*** Provided records Section Begins ***

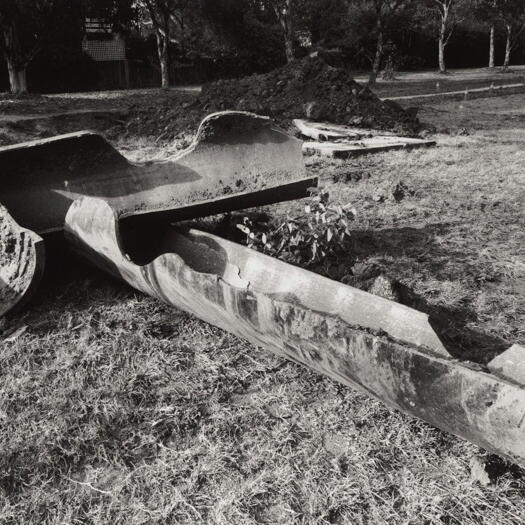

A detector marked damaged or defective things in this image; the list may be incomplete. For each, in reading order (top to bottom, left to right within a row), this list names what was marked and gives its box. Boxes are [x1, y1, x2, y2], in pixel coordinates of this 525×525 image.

rusted metal edge [0, 201, 44, 316]
rusted metal edge [65, 196, 525, 466]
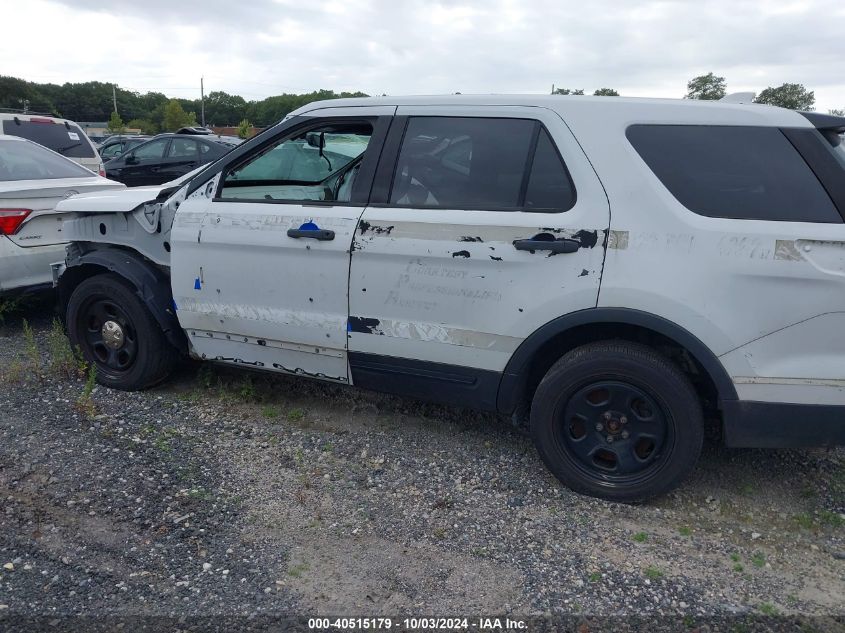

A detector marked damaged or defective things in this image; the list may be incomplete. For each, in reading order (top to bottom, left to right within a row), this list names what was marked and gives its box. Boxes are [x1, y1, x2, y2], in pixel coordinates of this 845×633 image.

damaged white suv [51, 95, 844, 498]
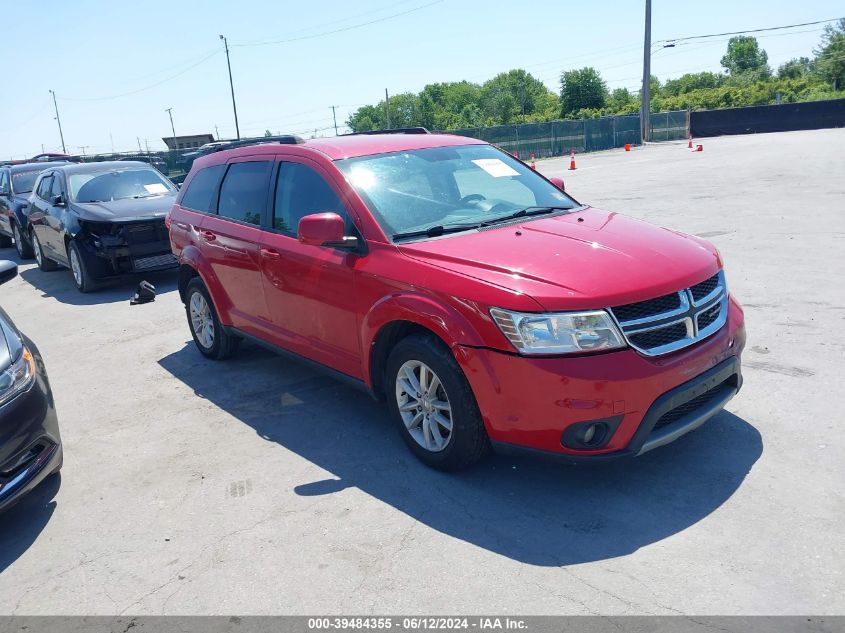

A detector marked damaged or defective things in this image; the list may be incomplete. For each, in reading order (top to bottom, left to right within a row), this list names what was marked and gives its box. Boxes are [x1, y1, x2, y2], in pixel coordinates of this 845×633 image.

damaged silver suv [26, 162, 178, 292]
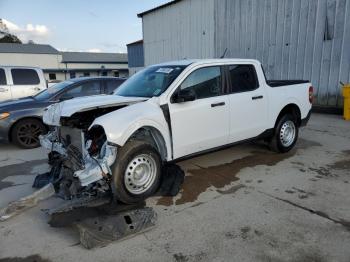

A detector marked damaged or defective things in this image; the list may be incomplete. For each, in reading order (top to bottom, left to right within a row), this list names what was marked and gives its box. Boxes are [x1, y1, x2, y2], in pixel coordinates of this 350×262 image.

crumpled hood [43, 94, 147, 126]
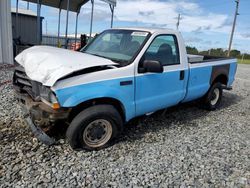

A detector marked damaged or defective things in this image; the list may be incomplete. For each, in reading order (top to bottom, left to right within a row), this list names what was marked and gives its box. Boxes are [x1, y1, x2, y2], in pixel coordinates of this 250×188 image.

damaged front end [13, 65, 71, 145]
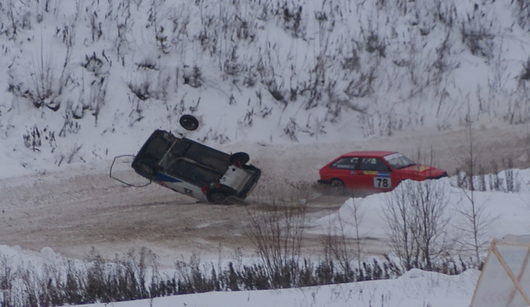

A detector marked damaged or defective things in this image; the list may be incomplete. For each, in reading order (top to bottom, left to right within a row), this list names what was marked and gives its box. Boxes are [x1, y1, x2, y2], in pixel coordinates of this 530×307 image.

crashed vehicle [130, 129, 258, 203]
overturned race car [128, 130, 260, 205]
crashed vehicle [318, 151, 446, 195]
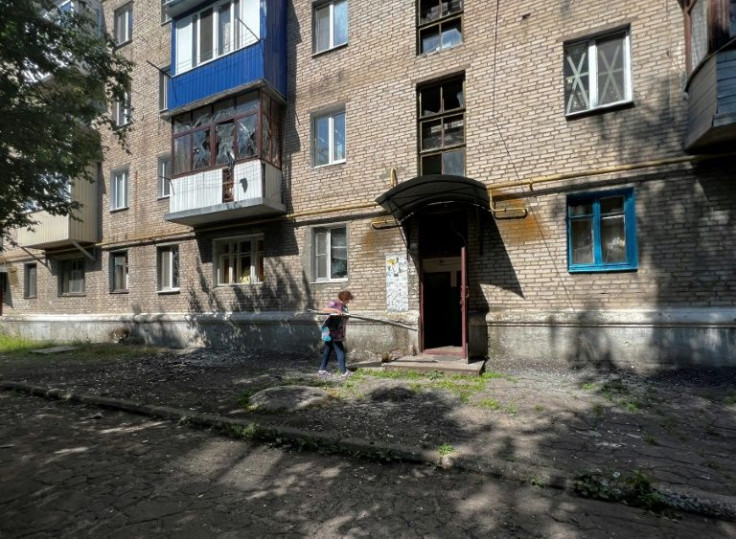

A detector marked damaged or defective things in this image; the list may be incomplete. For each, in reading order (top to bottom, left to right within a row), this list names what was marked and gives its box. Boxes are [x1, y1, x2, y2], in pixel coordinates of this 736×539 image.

broken window [416, 0, 462, 54]
broken window [420, 76, 466, 175]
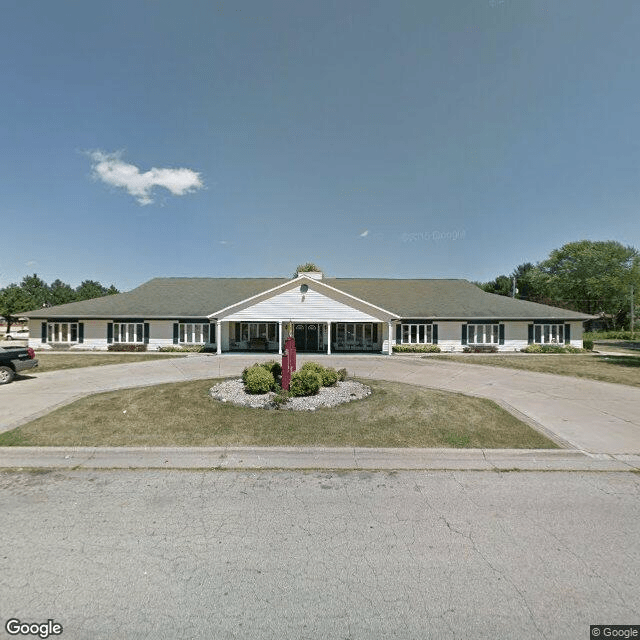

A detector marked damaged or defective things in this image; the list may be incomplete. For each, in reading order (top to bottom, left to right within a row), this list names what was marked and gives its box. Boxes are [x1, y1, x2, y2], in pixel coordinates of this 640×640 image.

cracked asphalt road [1, 468, 640, 636]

*** Provided records Section Ends ***

# Exercise description
With pictures left out, transcribe each line from the one containing "this 350×262 image." through the end of the data, both ends included.

# Your solution
A detector marked damaged or defective things in this image; the list may be incomplete. For each, in reading order (top to bottom, left to right within a row), this list names what was marked and gives its box. Boxes are [x1, y1, x2, y2], in pixel coordinates of this 350×262 image.

crumpled hood [43, 94, 147, 126]

A detector marked damaged or defective things in this image; the list may be incomplete. For each, in reading order (top to bottom, left to right within a row), this list names what was marked and gives its box. Boxes are [x1, y1, x2, y2], in pixel coordinates of this 250×188 image.

damaged front end [13, 65, 71, 145]

A detector marked damaged or defective things in this image; the list may be incomplete. For each, in reading order (top to bottom, left to right within a row), this list names what was marked and gives its box. Boxes are [x1, y1, x2, y2], in pixel coordinates of this 530×307 image.

crashed vehicle [130, 129, 258, 203]
overturned race car [128, 130, 260, 205]
crashed vehicle [318, 151, 446, 195]

A detector marked damaged or defective things in this image; the list may be incomplete. For each, in reading order (top to bottom, left to right within a row), this list names what was marked and gives its box. Boxes are [x1, y1, x2, y2], in pixel coordinates of this 736×539 image.

broken window [416, 0, 462, 54]
broken window [420, 76, 466, 175]

A detector marked damaged or defective things in this image; the list may be incomplete. For each, in reading order (top to bottom, left to right within a row), this list names what was marked and gives its box. Boxes are [x1, y1, x2, y2], in pixel coordinates of this 640×640 image.

cracked asphalt road [1, 468, 640, 636]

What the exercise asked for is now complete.